As the weather grew colder and Rich’s health declined, we found ourselves moving from the role of frequently visiting family members to full time caretakers. Allison, especially, did everything she could to lift the load from her mother, who was struggling under the dual roles of nurse and grieving wife. As time went on, I began to take on some of the care as well.

Feeding times. Medications. Breathing machines.

It was the breathing that was the hardest.

ALS destroys muscles and one of the most important muscles in the human body is the diaphragm. Twenty thousand plus times day this muscle pulls and pushes the lungs, forcing air in and out. For Rich, the diaphragm began to weaken within a few months of his diagnosis. Chest muscles. Diaphragm. Throat, tongue, and lips… all began to deteriorate.

When you can’t work your throat or push your lungs to cough, phlegm begins to build up. It burbles in the throat, oozes down into the lungs, and becomes lodged. We’ve all seen the labels on the side of five gallon buckets, warning that infants can drown in a couple inches of water. For the last few months, Rich fought a daily struggle against the tablespoons of mucous which threatened to drown him.

He needed to breathe.

We would try to help using a cough assist machine. If you’ve never seen a cough assist, simply imagine a little white box with a few buttons on the front and a face mask coming to the side on a long hose, not unlike a vacuum cleaner. Twiddle a few settings, press a button, and this hellish Dust Buster forces air down the trachea at sixty miles an hour, forcibly inflating the lungs for about five seconds before slamming into reverse. Then the cough assist literally sucks the air from the patient’s lungs, often pulling with it a wad of thick yellow mucous.

Suction.

Rinse.

Repeat until they can’t take it anymore or you’ve done twenty breaths, whichever comes first.

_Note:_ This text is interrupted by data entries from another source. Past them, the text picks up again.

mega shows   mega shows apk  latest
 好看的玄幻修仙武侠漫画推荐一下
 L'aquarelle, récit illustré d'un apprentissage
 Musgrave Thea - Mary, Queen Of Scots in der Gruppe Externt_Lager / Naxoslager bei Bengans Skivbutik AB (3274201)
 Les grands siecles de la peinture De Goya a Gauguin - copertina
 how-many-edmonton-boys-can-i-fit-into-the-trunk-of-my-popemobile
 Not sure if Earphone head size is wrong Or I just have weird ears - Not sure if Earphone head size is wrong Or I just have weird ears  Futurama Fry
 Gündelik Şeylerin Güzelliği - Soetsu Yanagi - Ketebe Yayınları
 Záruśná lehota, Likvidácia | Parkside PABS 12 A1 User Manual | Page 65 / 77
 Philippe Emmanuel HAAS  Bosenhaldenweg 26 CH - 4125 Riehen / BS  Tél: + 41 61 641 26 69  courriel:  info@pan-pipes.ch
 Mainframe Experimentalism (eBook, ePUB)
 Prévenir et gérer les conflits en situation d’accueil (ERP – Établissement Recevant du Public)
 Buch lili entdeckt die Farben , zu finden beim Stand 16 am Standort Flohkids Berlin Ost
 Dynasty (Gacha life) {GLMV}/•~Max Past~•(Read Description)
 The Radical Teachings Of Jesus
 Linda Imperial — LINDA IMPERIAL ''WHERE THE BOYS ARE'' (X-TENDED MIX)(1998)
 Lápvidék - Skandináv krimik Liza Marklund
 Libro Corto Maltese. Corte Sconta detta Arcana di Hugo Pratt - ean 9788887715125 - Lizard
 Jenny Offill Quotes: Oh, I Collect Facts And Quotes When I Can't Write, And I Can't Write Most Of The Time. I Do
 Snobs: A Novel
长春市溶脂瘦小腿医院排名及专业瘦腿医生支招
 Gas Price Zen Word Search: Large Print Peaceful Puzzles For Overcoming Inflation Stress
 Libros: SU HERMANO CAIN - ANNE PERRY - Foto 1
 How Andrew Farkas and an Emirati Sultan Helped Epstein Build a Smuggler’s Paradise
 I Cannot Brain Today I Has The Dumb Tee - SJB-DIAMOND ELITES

Repeat again a few minutes or hours later, depending on how much drawing a breath feels like gargling.

By the end, Rich was using a BiPAP machine for much of the day, essentially treating it as an at-home ventilator. The machine whirred and clicked and hissed all day and night, breathing for him. It made him hard to understand, as every weakened syllable had to be forced from his lips through the storm of air which sustained him.

Eventually only Allison and I could make out what he meant most of the time, and that was just because she has experience talking with elderly folks who struggle to be heard and I have spent years trying to understand the discoherent rambles of adolescents. Still, he often used his few spare breaths to crack jokes. The last one I heard came a few days before the end, when he spent nearly ten minutes blinking and nodding and repeating short phrases as if conveying a terribly important message about his health, until it became clear that he was joking that, yes, he should sleep in his mobility chair so that his wife didn’t smother him with a hug in the middle of the night.

We all laughed, him included… but the thought that sleeping with one’s partner could turn from a joy to a danger was more than a joke.

He used every breath he had.

He fought for each and every one.

Until there was no more breathing to be done.